The Neapolitan-Sixth: A "Chromaticized" II Chord

What is it?

In minor mode, a II chord in first inversion sometimes appears NOT with diatonic scale degree 2 in the melody, BUT WITH chromaticized (lowered) scale degree 2 ("flat" 2 in some keys (c-minor, g-minor, etc.) "natural" 2 in keys like c# minor, f# minor, etc.). In figured bass notation, the result is a lowered sixth above the bass or "Neapolitan" sixth.

In root position, the Neapolitan chord is a major triad whose root is lowered scale degree 2 ("flat" 2 or "nat." 2) Because of its distinctive position a semitone above the tonic, the Neapolitan chord is sometimes called Phrygian II.

Closer look at Example 1

Note that in minor mode, the third and fifth of the Neapolitan are diatonic, so that only a single accidental is necessary. However, only the third of the chord is diatonic in major mode, so that TWO accidentals are necessary; both root and fifth must be lowered by a semintone.

Primary Function (PD)

The Neapolitan sixth chord most frequently appears in first inversion as part of an intensified cadential progression. In this respect, its function is much like diatonic II6. The melodic direction of lowered scale degree 2 is predetermined--it must move down, and it must move to the dominant. Leading bII6 directly to I does not fully resolve the chromatic element. When moving to V(7), lowered scale degree 2 is "corrected" in another voice.

Closer look at Example 2

Notice that when moving directly to V, the melodic progression of a diminished third will normally result--this melodic succession is the "calling card" of Phrygian II.

Can you hear the Neapolitan Sixth Chord in the following musical excerpts?
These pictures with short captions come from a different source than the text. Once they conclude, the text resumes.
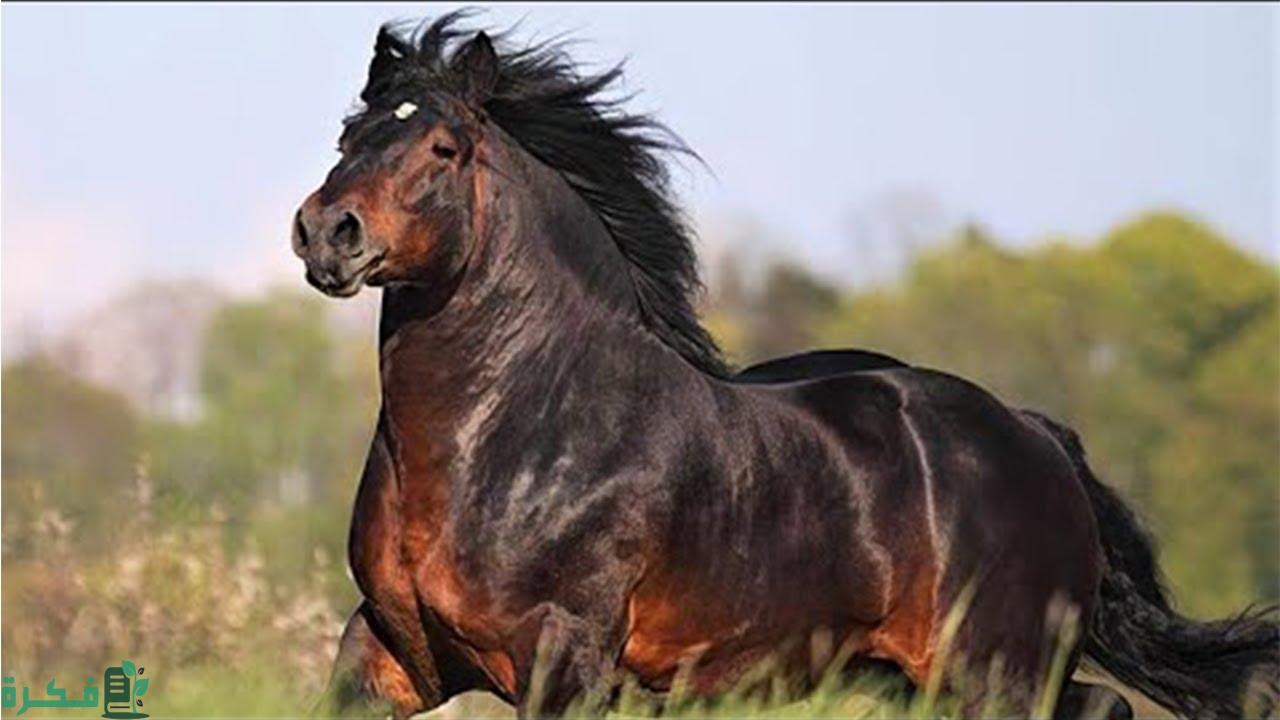 أفضل الخيول في العالم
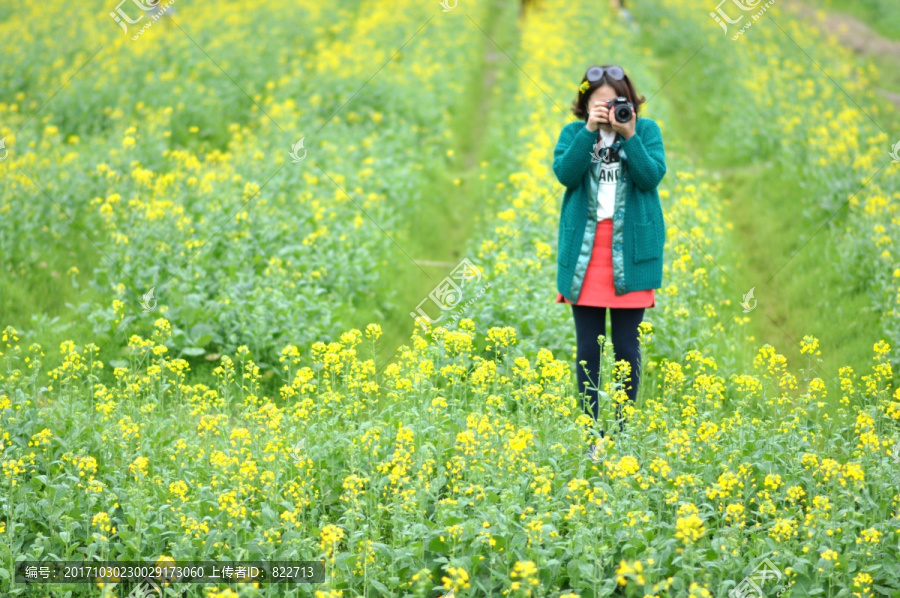 拍油菜花的美女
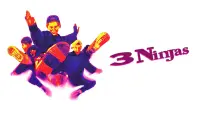 Backdrop to the movie "3 Ninjas" #326544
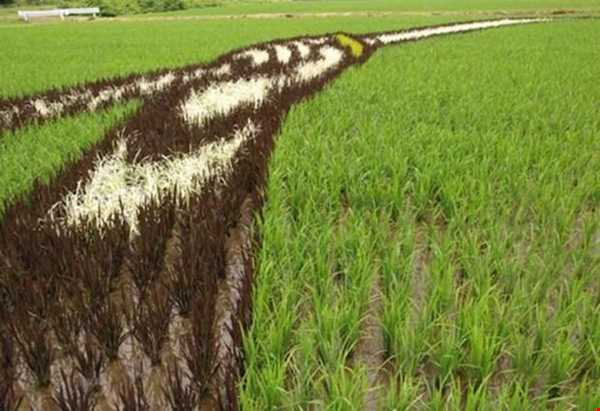 مزارع برنجی که همه ساله بوم نقاشی کشاورزان ژاپنی می‌شوند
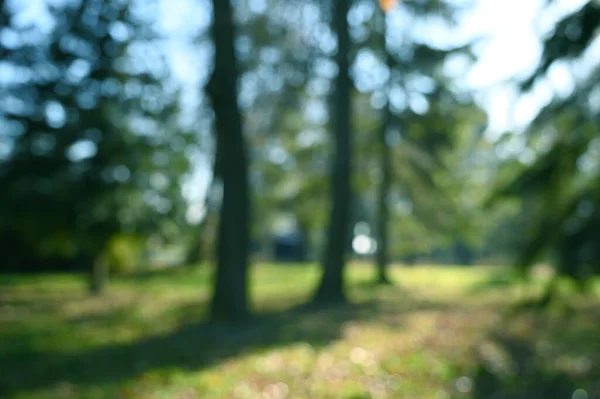 Paesaggio Sfocatura Parco Autunno Soleggiato Giorno Sfondo — Foto Stock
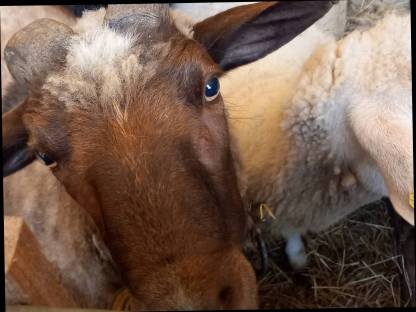 Bild 2:Verkaufe wunderschönen Waldschaf-Widder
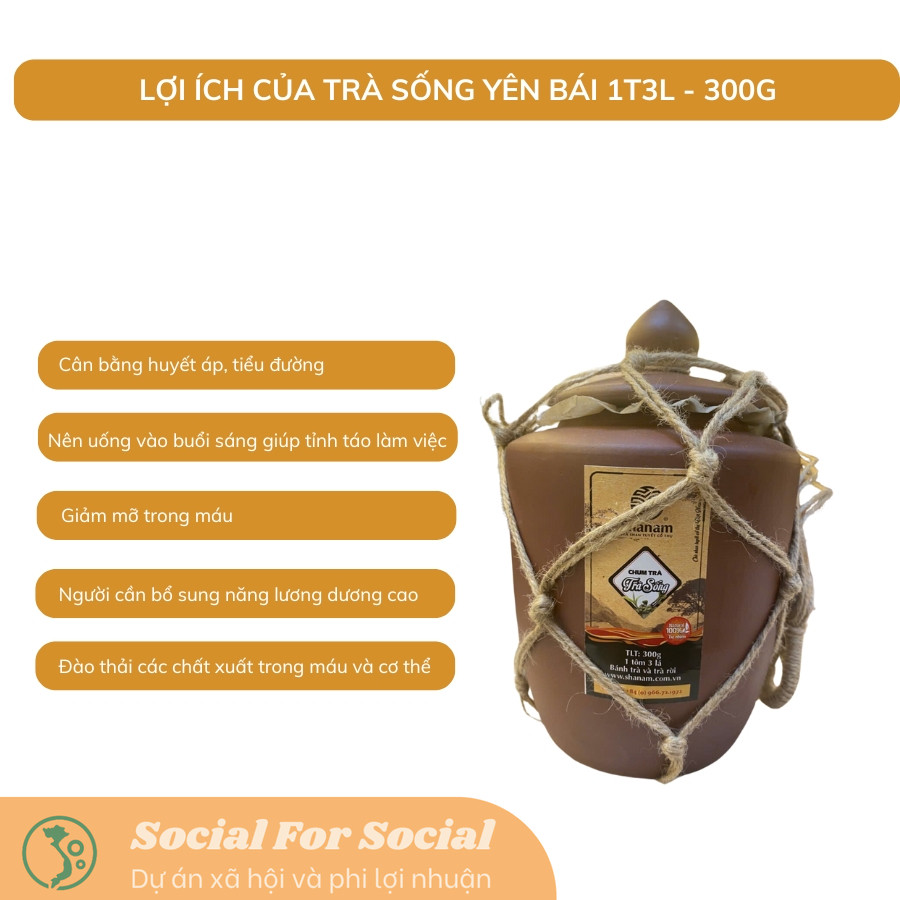 TRÀ VÀNG - CHUM MIX TRÀ SỐNG YÊN BÁI 1T-3L 300G-Shanam - Image 4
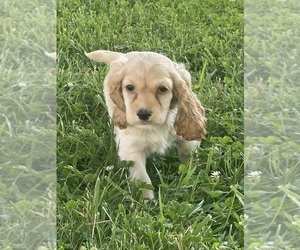 Cocker Spaniel Puppy for sale in CANOGA, NY, USA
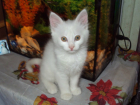 Невероятную сделку по продаже кота захотел провести житель Ростовской области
Beethoven Bagatelle Op. 119, No. 9.
Chopin Nocturne Op. 48, No. 1.

Voice-leading Tips

Non-cadential and Other Exotic Uses of the Neapolitan

  1. The Neapolitan may be the agent of modulation, as in the Chopin Prelude in C-minor, where a root position bII functioned as IV in A-flat major (VI).

    Hear Chopin: Prelude in C-minor

  2. Phrygian II may also be tonicized, as in the opening of the Beethoven Sonata in F-minor, Op. 57, where a contapuntal cadence emphasizes the striking appearance of bII.

    Hear Beethoven: Sonata in F-minor, Op. 57

  3. The Neapolitan six-four is quite rare--in fact, I have never seen one. It can usually be explained using contrapuntal apparatus (i.e., as a neighbor to V or bVI).